▶ Work task:
Each line below must be reproduced exactly, though the pictures are to be dropped.

▶ Source data:
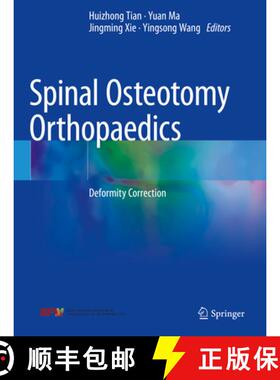 【3-4周达】Spinal Osteotomy Orthopaedics: Deformity Correction [9789811613890]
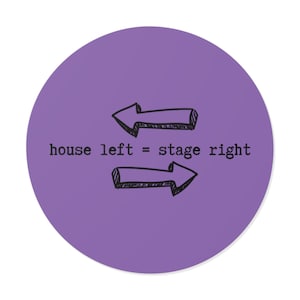 House Left Stage Right Round Vinyl Sticker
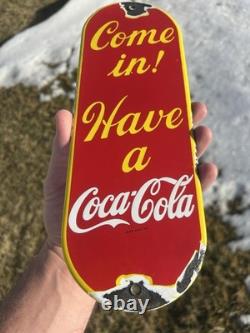 Original Coca Cola Coke Porcelain Door Push Sign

▶ Result of this exercise:
 【3-4周达】Spinal Osteotomy Orthopaedics: Deformity Correction [9789811613890]
 House Left Stage Right Round Vinyl Sticker
 Original Coca Cola Coke Porcelain Door Push Sign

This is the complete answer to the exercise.